Elsa continuaba mirándose el pie cuando notó la presencia de dos personas más en la sala.

—¿Qué ha ocurrido? —preguntó uno de los médicos.

Molesta, dolorida y enfadada, Elsa respondió mientras seguía observando su tobillo hinchado.

—Pues que unos inconscientes me han tirado por las escaleras. Dios… cómo me duele el tobillo —gruñó Elsa.

—Eran unos chicos —informó la enfermera—. Debían de bajar por las escaleras haciendo el loco y han tirado a dos personas. A ella sólo, le duele el tobillo, la otra se ha roto el brazo y se encuentra en la otra sala.

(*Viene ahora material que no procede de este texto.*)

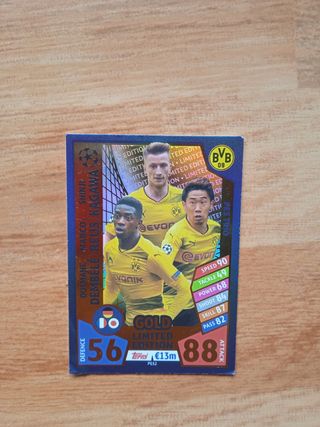 Cartas champions edición limitada 17-18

—Yo me ocupo de esta paciente —dijo uno de los médicos y, agachándose, comenzó a observar el tobillo de la muchacha, que se quejaba de molestias.

Sumida en su dolor, Elsa se acordó de pronto de que aquel fin de semana tenía que trabajar en la boda de Roberta y Carlos y, sin poder remediarlo, dijo tapándose los ojos:

—¡Mierda! Con todo el trabajo que tengo. ¿Cómo me ha podido ocurrir una cosa así?

—Pues muy fácil, Elsa —respondió el médico que, agachado, le inspeccionaba el pie—. Estas cosas ocurren cuando menos te lo esperas.

Al darse cuenta de que aquel médico la llamaba por su nombre, se fijo en él y su gesto torcido de dolor se transformó durante unos segundos en sorpresa. Le conocía.

—¿Javier Thorton? ¿Eres tú?

Con una sonrisa más arrolladora que un tren de mercancías, éste la miró y dijo:

—Sí, señorita. Soy Javier, el hermano de tu alocada amiga Aída.

No se lo podía creer. ¡Encontrarle allí, tras diez años! Balbuceó como pudo:

—Pero ¿qué haces aquí?

—Ves esta bata blanca y esta identificación —dijo él tocando la insignia que colgaba del bolsillo izquierdo de su bata—. Soy el doctor Javier Thorton, jefe de urgencias de este hospital.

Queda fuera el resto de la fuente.